# Work task:
Give back exactly the lines of the entries below from the line with "Масштаб 1/35 2" to the line with "For Nokia 2.3", inclusive, and only those.

# Records for this task:
====================

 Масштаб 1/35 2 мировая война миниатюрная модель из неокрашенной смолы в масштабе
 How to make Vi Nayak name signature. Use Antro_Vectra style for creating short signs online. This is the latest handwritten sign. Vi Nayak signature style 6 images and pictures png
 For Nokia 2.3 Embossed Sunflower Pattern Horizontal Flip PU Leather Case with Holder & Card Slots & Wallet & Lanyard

====================

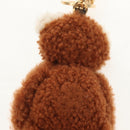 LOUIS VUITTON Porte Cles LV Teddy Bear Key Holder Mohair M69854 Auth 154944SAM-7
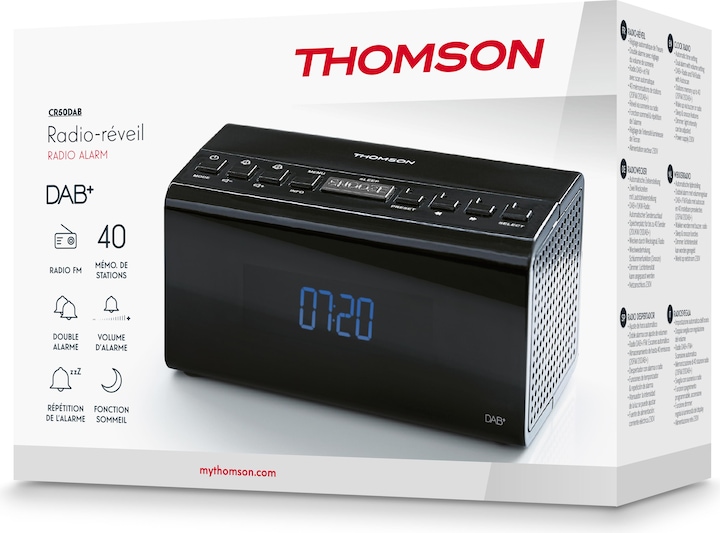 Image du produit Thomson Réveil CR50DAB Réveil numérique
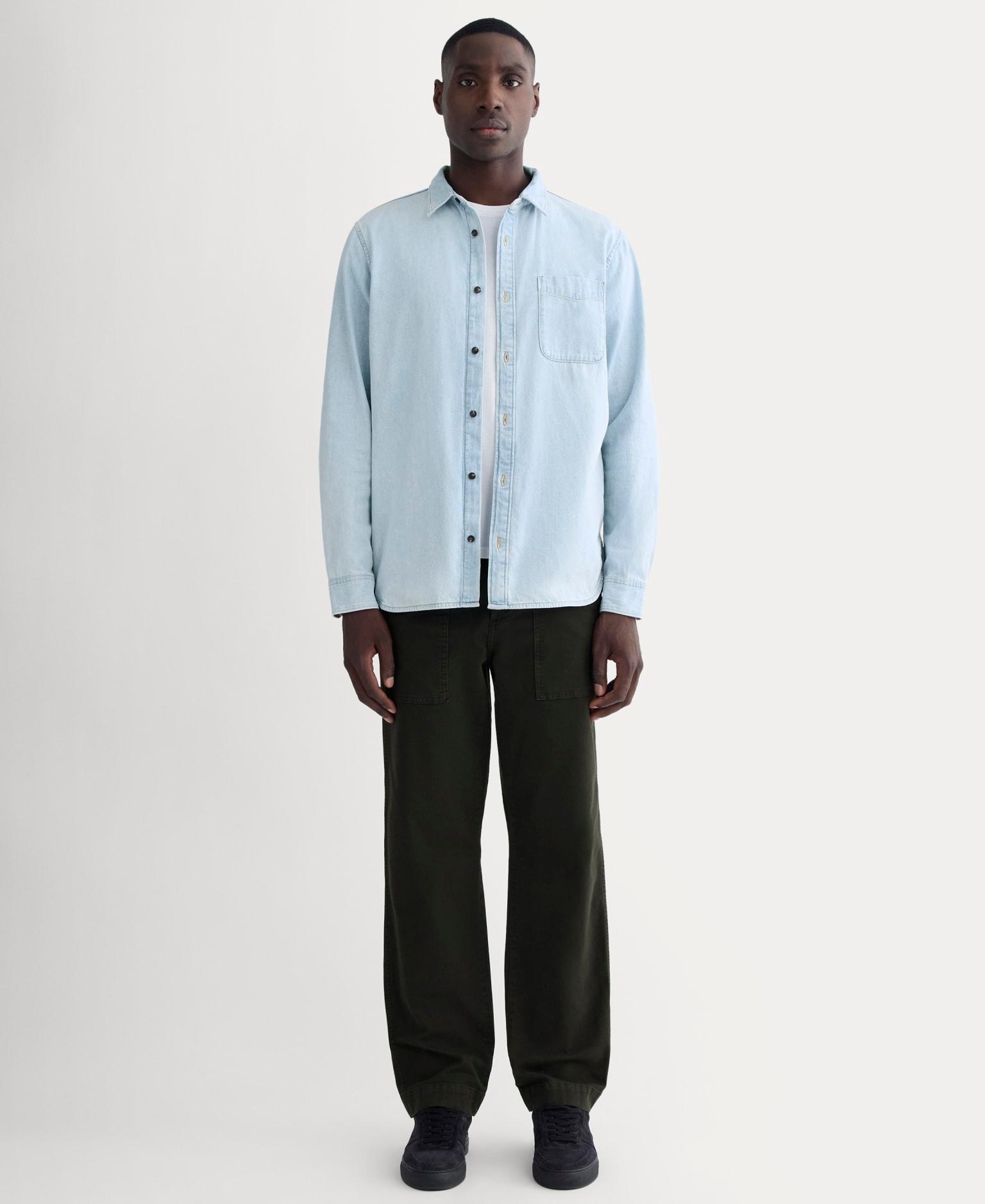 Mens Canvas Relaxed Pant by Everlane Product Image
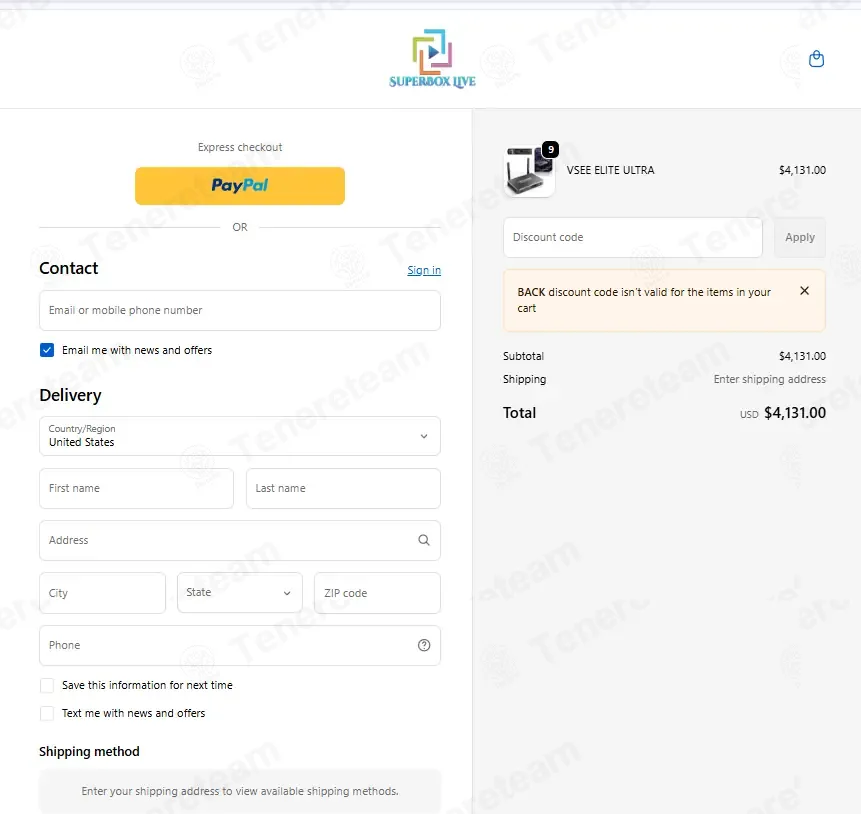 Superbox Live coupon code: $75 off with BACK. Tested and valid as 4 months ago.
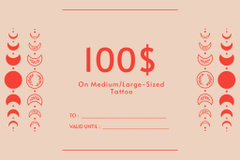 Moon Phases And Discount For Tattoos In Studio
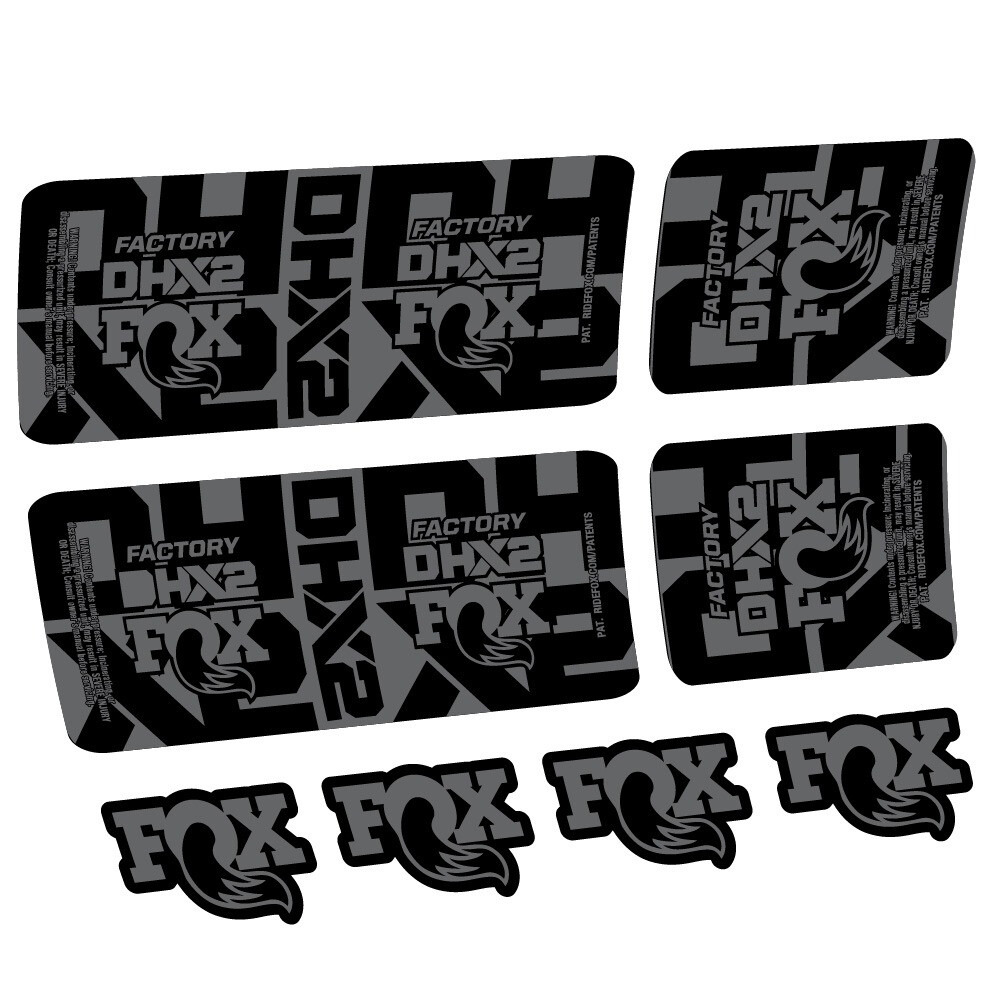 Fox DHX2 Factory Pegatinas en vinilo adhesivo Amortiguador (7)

====================

# Reply to the exercise:
 Масштаб 1/35 2 мировая война миниатюрная модель из неокрашенной смолы в масштабе
 How to make Vi Nayak name signature. Use Antro_Vectra style for creating short signs online. This is the latest handwritten sign. Vi Nayak signature style 6 images and pictures png
 For Nokia 2.3 Embossed Sunflower Pattern Horizontal Flip PU Leather Case with Holder & Card Slots & Wallet & Lanyard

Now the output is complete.